The New Democrats are asking the federal Lobbying Commissioner to investigate the relationship between Pierre Poilievre’s top adviser and a federal lobby firm that operates out of Jenni Byrne’s provincial lobbying office.

Ms. Byrne is one of the most prominent Conservatives in Canada and was a key strategist in Mr. Poilievre’s leadership campaign that garnered him a landslide victory in 2022. Since then she has remained a central player in his senior team, participating in Conservative caucus meetings and having a direct hand in strategy and election planning.

Ms. Byrne stopped lobbying federally in 2021 but staff working in her company, Jenni Byrne + Associates, continued to lobby federally until shortly before Mr. Poilievre’s leadership win.

On Thursday, The Globe and Mail reported that two days after that victory, Ms. Byrne’s senior staff incorporated a new lobbying firm out of the same office and with many of the same staff to continue federal lobbying work. Forecheck Strategies bills itself as “Canada’s fastest-growing Government and Public Affairs firm.”

Ms. Byrne and Forecheck Strategies told The Globe there was no connection between the two firms and she does not receive any compensation from the firm that operates out of her office. Until The Globe inquired about the connection between the two firms, clients booking a meeting on Forecheck’s website were redirected to Ms. Byrne’s firm. That function has since been removed.

In a letter sent to Lobbying Commissioner Nancy Bélanger, NDP MP and ethics critic Charlie Angus said details in The Globe’s report were concerning.

“This raises serious questions about Ms. Byrne’s potentially inappropriate involvement in federal lobbying activities, how the two firms lobbying activities are kept separate, and whether Forecheck Strategies and their federal lobbying activities have been properly registered and reported under the Lobbying Act,” Mr. Angus wrote in the letter sent to Ms. Bélanger.

“Canadians must be assured that the advisors of elected officials are acting in their best interests, not the interests of huge corporations.”

In a brief statement, Mr. Poilievre’s office reiterated the comments from Ms. Byrne and Forecheck.

“Ms. Byrne is not a lobbyist and her firm is not engaged in federal lobbying,” spokesperson Sebastian Skamski said. “You also seem to miss that Conservatives are not in government, nor do they control the balance of power in Parliament.”

Mr. Poilievre has recently increased his attacks on lobbyists. In a speech to the Greater Vancouver Board of Trade two weeks ago, he said corporate lobbyists in Ottawa “have been utterly useless in advancing any common-sense interests for the people on the ground.”

On Parliament Hill Thursday, Liberal and NDP MPs said the overlap between the two firms raised questions, given Ms. Byrne’s central role in the Conservative Party.

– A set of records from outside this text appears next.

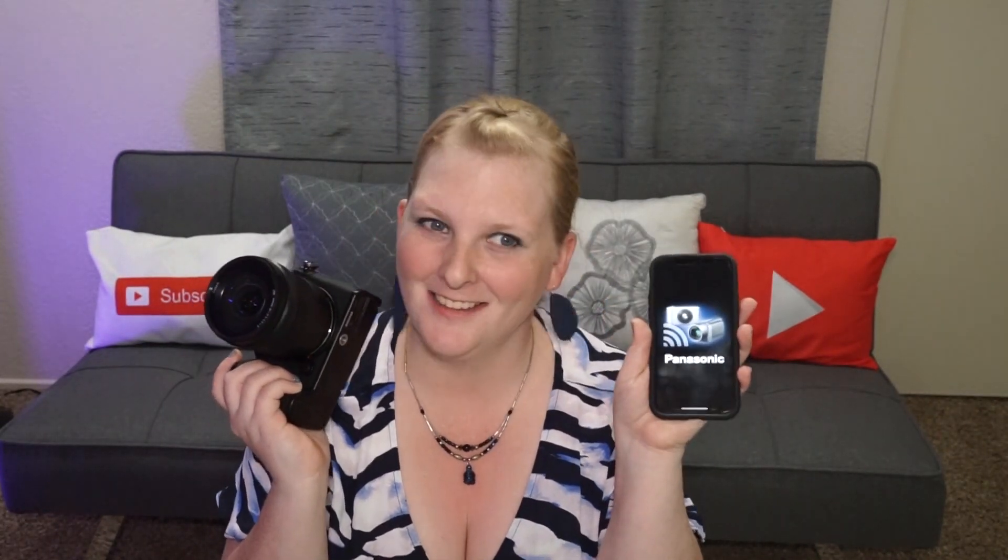Hi there, this is Heather of Shutterbug 101. Today will be going over how to transfer pictures from your Panasonic using the Panasonic S5 to your cell phone using the Panasonic image app. Let's get started.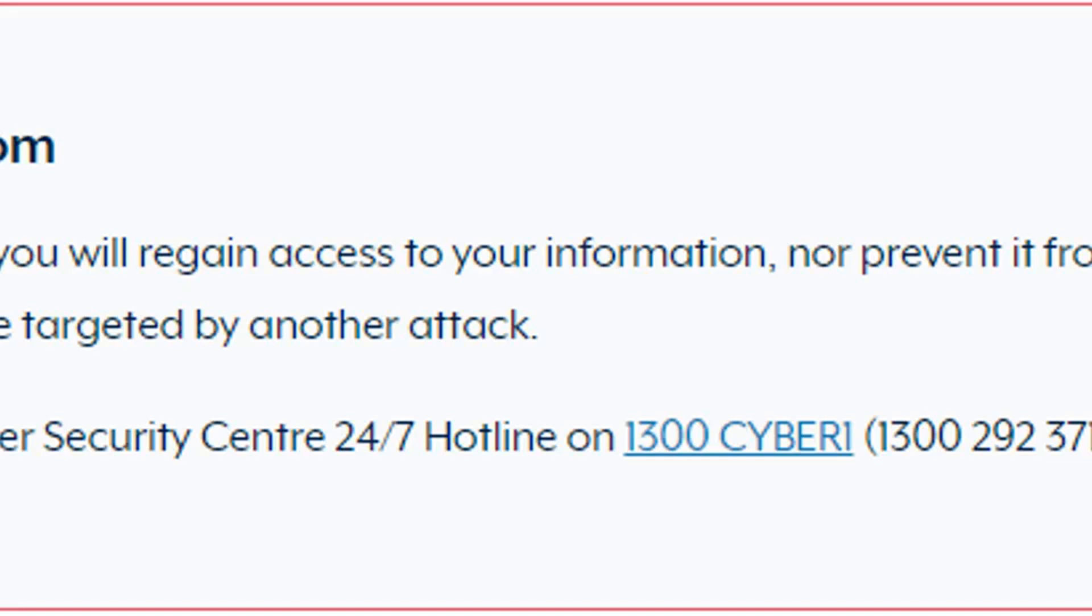currently recommends that victims of ransomware attacks never pay a ransom, saying there's no guarantee the information will be returned instead of being sold online. Despite the recommendation, there is currently no law prohibiting firms from paying ransoms, and the latest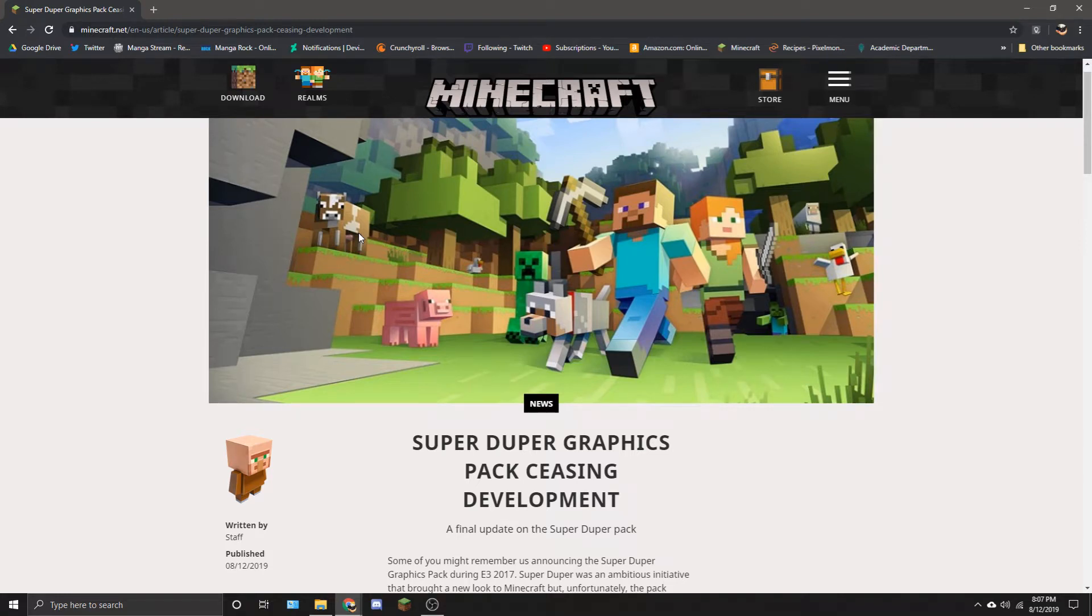Hello guys. How's it going? We've got some bad news for the Minecraft community right now. Well, some of the Minecraft community.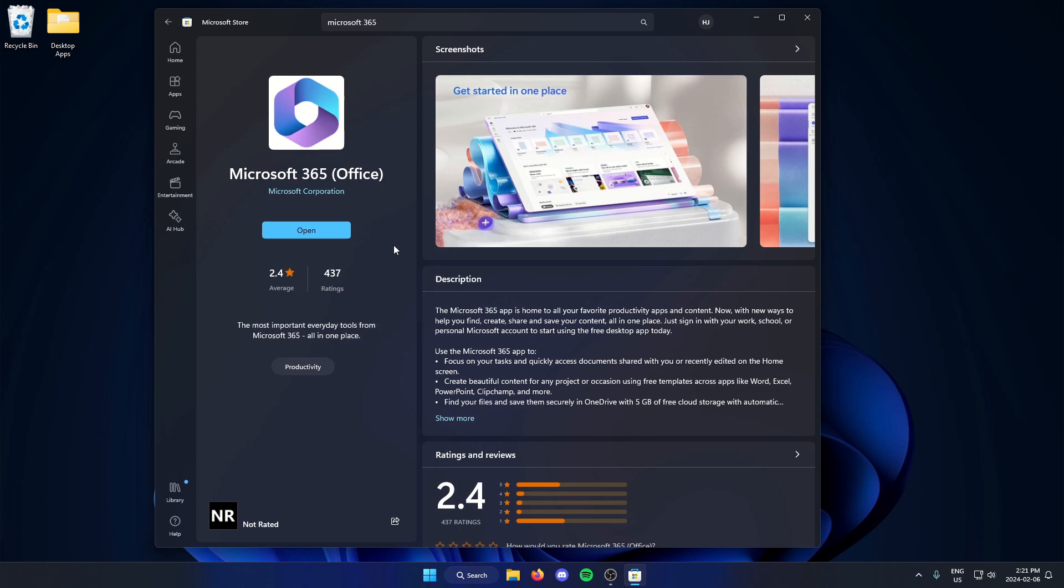We're just going to let this download. So as you can see now, Microsoft 365 is downloaded. That blue button now says open on it, so we're going to select to open.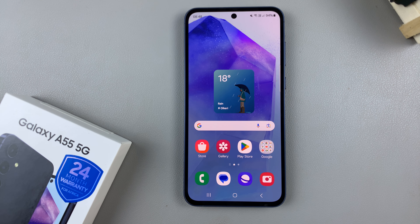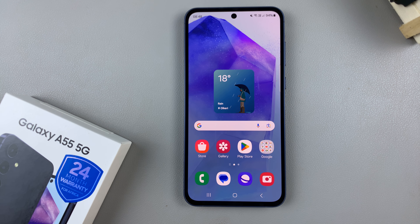In today's video, I'll guide you through the process on how to show today's calendar schedule on the Samsung Galaxy A55 5G.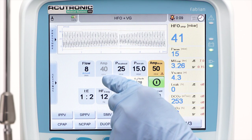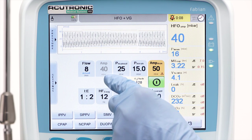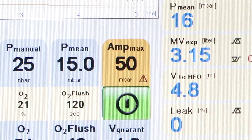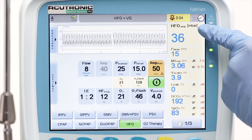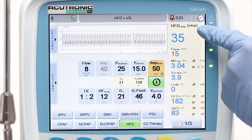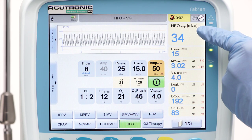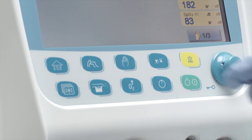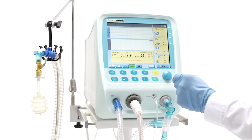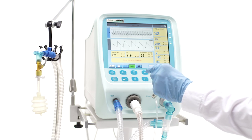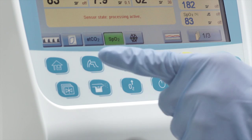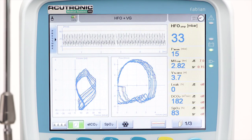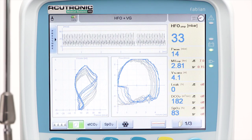The amplitude is now automatically regulated by the volume guarantee target value. The maximum amplitude allowed range can be set in the orange colored amplitude max button. By accessing the wave screen in HFO, the Fabian can show different real-time diagrams, including the loops which can easily show the patient's spontaneous breathing and his strength during HFO.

NDP MP Laurel Collins said that ultimately as CEO of Jenni Byrne + Associates, Ms. Byrne is in charge of the staff who are doing the federal lobbying through the second firm they also work for.

However, Bloc Québécois Leader Yves-François Blanchet said he is unconcerned. “I have no incontrovertible indication that the rules were broken,” he told reporters.

Most of the lobbying lawyers who spoke with The Globe about the case said they believe Forecheck Strategies operates within the Lobbying Code of Conduct.

Based on his understanding of the relationship between the two firms, Scott Thurlow, a lawyer who specializes in lobbying and conflict-of-interest laws, said “there is nothing to suggest that the team at Forecheck are doing anything that would trigger any Code of Conduct issues.”

However, Duff Conacher with Democracy Watch disagreed. Pointing to the section of the lobbying code that prohibits lobbying where an official can “reasonably be seen to have a sense of obligation towards you,” he said the code should be interpreted to prohibit lobbying such as that done by staff at Forecheck.

If it doesn’t, he said it shows a “huge loophole that allows for unethical lobbying.”

The Liberals have previously been the subject of controversy over the overlap between political advisory work and private work.

Mr. Trudeau’s current chief of staff Katie Telford quit the lobbying firm she was working at in March, 2014 – more than a year and a half before the 2015 election. She was formally appointed Liberal campaign director and co-chair in May, 2014.

However, her co-chair Dan Gagnier continued his private work advising clients while undertaking his role. Amid a firestorm of controversy over that advisory work with TransCanada late in the 2015 campaign, he was forced to resign as co-chair.